The deck of the platform rests on the side rails on either side of the deck and is held in place by a spring-biased latch that pushes the deck down against support surfaces on the side rails. In a conventional multi-function scaffold, the latch comprises an L-shaped pin mounted to the side rail that rotates out of the way while the deck is being put into place, and then rotates back after the deck is in place so that the latch extends over the top surface of the deck to prevent the deck from lifting off of the side rails.
There are some drawbacks with the current latch design. Because the latch extends above the top surface of the deck, it presents a tripping hazard to workers standing on the deck. Also, a worker may accidentally kick and disengage the latch holding the deck in place. If the latch becomes disengaged, the deck may shift and/or dislodge causing the worker to fall.
Accordingly, there is a need for a new design for the latch that eliminates these safety hazards.
SUMMARY
The present disclosure provides a lightweight, multifunction scaffold with an improved safety latch. The scaffold comprises first and second ladder frames, and an adjustable height platform configured to be supported between the first and second ladder frames at a user selected height in an adjustment range. The adjustable height platform comprises a pair of spaced-apart side rails extending between the ladder frames and a deck supported on opposing sides by the side rails. The deck includes at least one recess in a top surface of the deck adjacent each of the opposing sides of the deck. The scaffold further includes at least one latch rotatably mounted to each side rail. Each ladder frame includes a catch element for engagement with a respective recess in the top surface of the deck to secure the deck on the side rails. The latches are movable between a disengaged position allowing the deck to be installed or removed from the side rials and an engaged position in which the catch element extends over a top surface of the deck and engages with a respective one of the recesses in the deck so that the catch element is flush with or below the surface of the deck.

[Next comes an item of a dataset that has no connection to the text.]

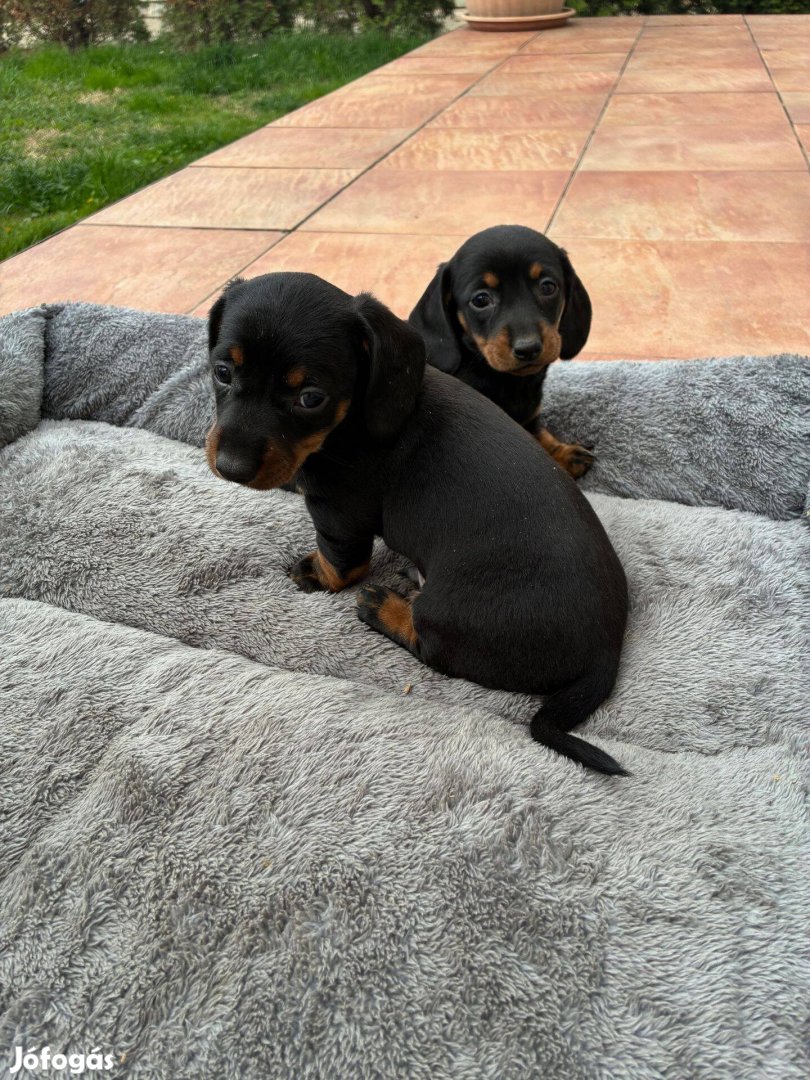 Törpe tacskó jellegű szuka és kan kölyök kutyusok ingyen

The seating of the latch in the recesses on the top surface of the deck eliminates a trip hazard inherent in conventional designs. Further, the recessing of the latch prevents the worker from accidentally kicking and disengaging the latch while standing on the platform. As a result, the possibility of the deck shifting or being dislodging is reduced, thus reducing the risk of a fall.

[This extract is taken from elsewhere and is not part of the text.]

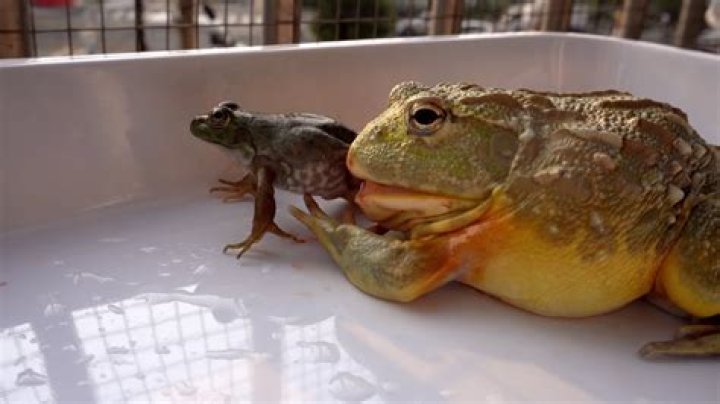 Can bullfrogs be eaten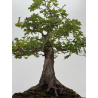 Acer campestris I-8687 vista 3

BRIEF DESCRIPTION OF THE DRAWINGS
FIG. 1 is a perspective view of a multi-function scaffold including two ladder frames and an adjustable height platform according to a first embodiment.
FIG. 2A is a side view of the scaffold with the platform in a normal orientation and adjusted to a top of the ladder frame.
FIG. 2B is a side view of the scaffold with the platform in an inverted orientation and adjusted to bottom of the ladder frame.
FIG. 3 is a partial perspective view of a side rail assembly including a side rail and guide channel for the adjustable height platform.
FIGS. 4A and 4B are section views of exemplary side rails for the adjustable height platform according to the first embodiment.
FIGS. 5A and 5B are a partial top plan views of the platform showing the latch in disengaged and engaged positions respectively.
FIGS. 6A and 6B are partial perspective views illustrating methods of attaching casters to the ladder frame.
FIG. 7 is a perspective view of the multifunction scaffold with an adjustable height platform according to a second embodiment.
FIG. 8 illustrates one of two side rail assemblies of the adjustable height platform according to the second embodiment.
FIG. 9 is a partial section view of a side rail according to a second embodiment.
FIG. 10 is a partial top view of a side rail showing the configuration of the slots in the side rails of the adjustable height platform.
FIGS. 11 and 12 are perspective view of a latch for securing the deck of the adjustable height platform.
FIG. 13 is a partial perspective view illustrating the installation of the latch.
FIGS. 14A and 14B are a partial top plan views of the platform showing the latch in disengaged and engaged positions respectively.
DETAILED DESCRIPTION
Referring now to the drawings, FIG. 1 illustrates a multi-purpose scaffold 10 according to an exemplary embodiment. The multi-purpose scaffold 10 comprises two ladder frames 12 and an adjustable height platform 20 supported between the two ladder frames 12. As described in greater detail below, the adjustable height platform 20 can be mounted between the ladder frames 12 in two different orientations depending on a height requirement for a task. The first orientation shown in FIG. 2A enables the platform 20 to be adjusted to its maximum height. The second orientation shown in FIG. 2B enables the platform 20 to be adjusted to its minimum height. The first orientation is for relatively greater heights, i.e., farther from the ground, and the second orientation is for relatively lower heights, i.e., closer to the ground.
Each ladder frame 12 comprises two vertical supports 14 connected by two or more cross members 16 that serve as ladder rungs. The vertical supports 14 and cross members 16 are preferably made of a metal tubing or other tubular material. The cross members 16 are preferably welded at each end to respective ones of the vertical supports 14 so that each ladder frame 12 is a unitary structure.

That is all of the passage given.